→ PROBLEM DESCRIPTION: I'd like the full listing transcribed exactly, with no images included.

→ DATA SEGMENT:
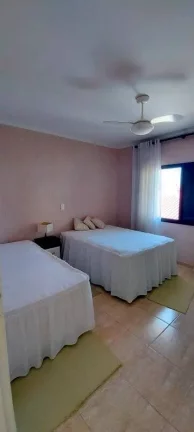 Imagem CASA EM 2 LOTES COM 5 DORMITÓRIOS E PISCINA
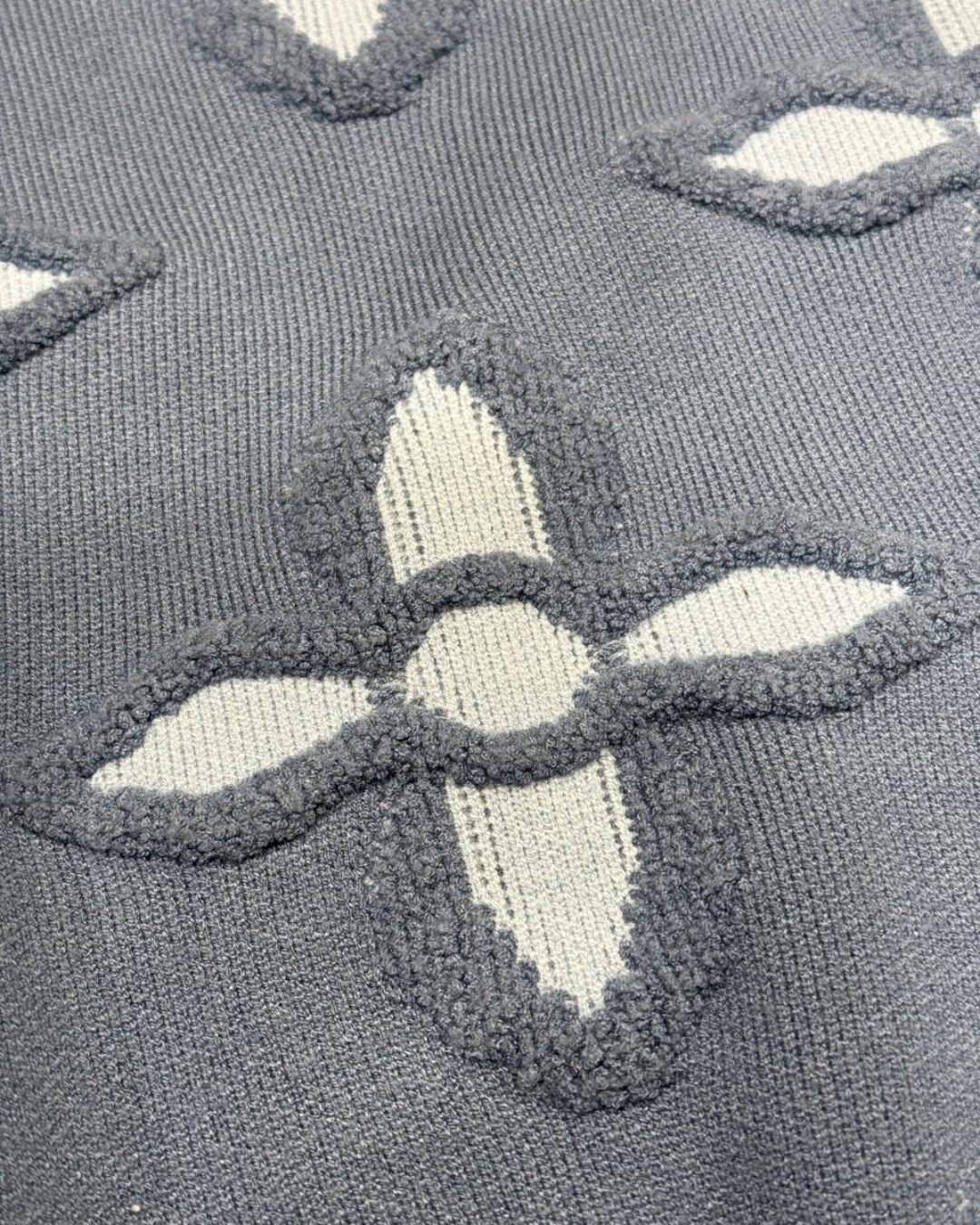 Свитер Louis Vuitton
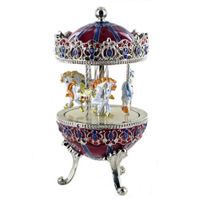 Oeuf musical de style Fabergé en métal avec chevaux de carrousel. Oeuf musical pour Pâques - Le beau Danube bleu (Strauss)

→ OUTPUT FOR THIS TASK:
 Imagem CASA EM 2 LOTES COM 5 DORMITÓRIOS E PISCINA
 Свитер Louis Vuitton
 Oeuf musical de style Fabergé en métal avec chevaux de carrousel. Oeuf musical pour Pâques - Le beau Danube bleu (Strauss)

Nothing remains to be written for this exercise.